Mas tahu gak kenapa saya email? Saya itu udh tekanan batin karena kepaksa ikut lomba tapi ditambahin Mas yang judes, dingin kaku kayak kanebo kering. Saya tu sampai heran, temen" saya pada sok"an benci tapi suka muji. Muji tinggal muji, herannya kenapa ya pada suka mas. Saya masih sakit hati perihal x-ray, saya malu sampe ubun-ubun kalo mau tahu. Ya pasti gak mau tahu ,..
Udah yang penting Mas itu nyebelin dimata saya, dan gak bange t,.. Oh ya ask.fm nya lucu hahaha tapi aneh. Aneh aja kok bisa banyak fansnya pdhl nyebelin. Mana banyak yang bilang kalo tipe-tipe tsundere padahal mah galak-galak aja yakan Mas.

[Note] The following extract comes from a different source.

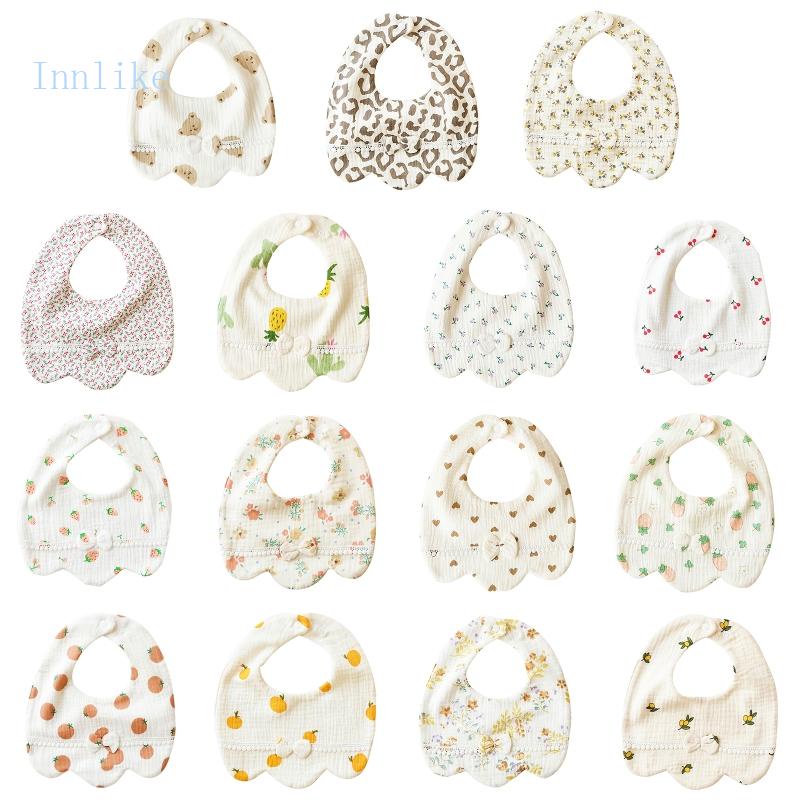 Yếm Ăn Cotton Họa Tiết Dâu Tây / Cherry Hoạt Hình Xinh Xắn Cho Bé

Gak lagi- lagi ketemu orang kayak Mas Abian Adalvino, pinter tapi akhlakless. Astagfirullah
Aminn
---
From: Bapak Abian YTH.
Terima kasih, atas pujiannya. Bakal saya ingat terus.
Kanza mengernyit ketika salah satu pesan masuk tiba-tiba. Isinya juga membuat ia bingung, ditambah seseorang yang mengirim pesan tidak jelas. Kanza menoleh ke arah jam dinding, baru jam tiga sore. Abian tidak salah kirim atau melantur, 'kah?
To: Bapak Abian YTH.
Maaf bagaimana, Pak? Bapak salah kirim?
Dan oleh Abian tidak dibalas. Kanza hanya mendengus mungkin salah kirim. Kanza lantas menoleh ke arah pintu masuk, ia melihat pretensi Jihan yang tengah masuk ke rumah dengan tubuh gontai, setelah melepas sepatunya Jihan langsung merebahkan dirinya di sofa belakang Kanza. Posisinya Kanza duduk di bawah dengan cemilan ditangannya.
"Cuci tangan sama kaki lo." Ucap Kanza kepada Jihan.
"Bentar lima menit."
"Kenapa?"
Jihan menghela nafas berat, "Putus."
Kanza menoleh cepat, "Sama uler panca?"
"ULER SANCA DODOL!" Seru Jihan membuat Kanza mengibas-ngibaskan tangannya.
"Ya itu pokoknya. Serius lo?"
"Serius lah anjir."
"Bagus deh. Gue dari awal gak setuju lo sama dia." Jawab Kanza dengan enteng sedangkan Jihan menghembuskan nafas kasar.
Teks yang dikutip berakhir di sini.